What the exercise asks
Please print, exactly, only the lines in the entries below from the line that has "bedroom featuring light" through the line that has "a bathroom with". Pictures don't go in.

Given records

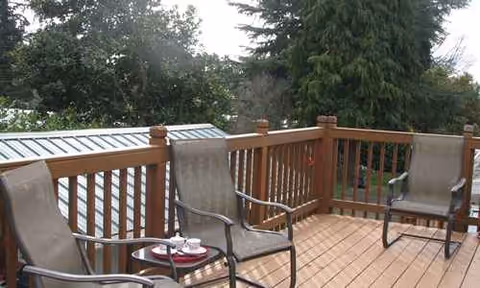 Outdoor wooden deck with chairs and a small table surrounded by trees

--

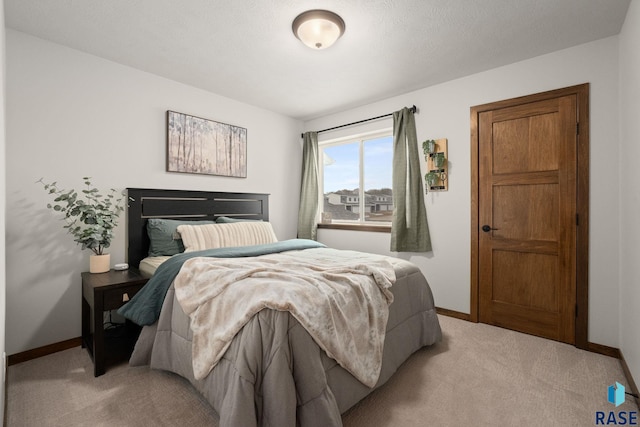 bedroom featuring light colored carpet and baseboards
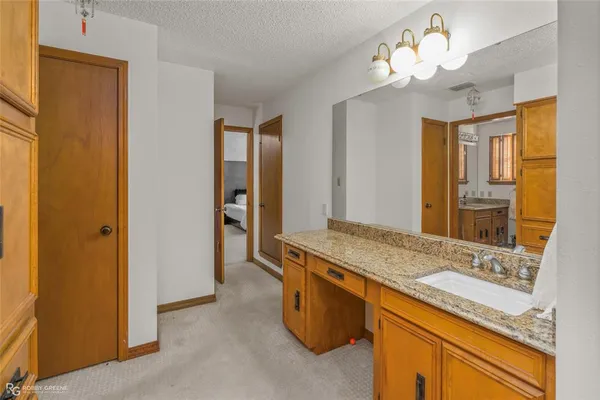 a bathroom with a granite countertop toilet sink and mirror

Finished exercise
 bedroom featuring light colored carpet and baseboards
 a bathroom with a granite countertop toilet sink and mirror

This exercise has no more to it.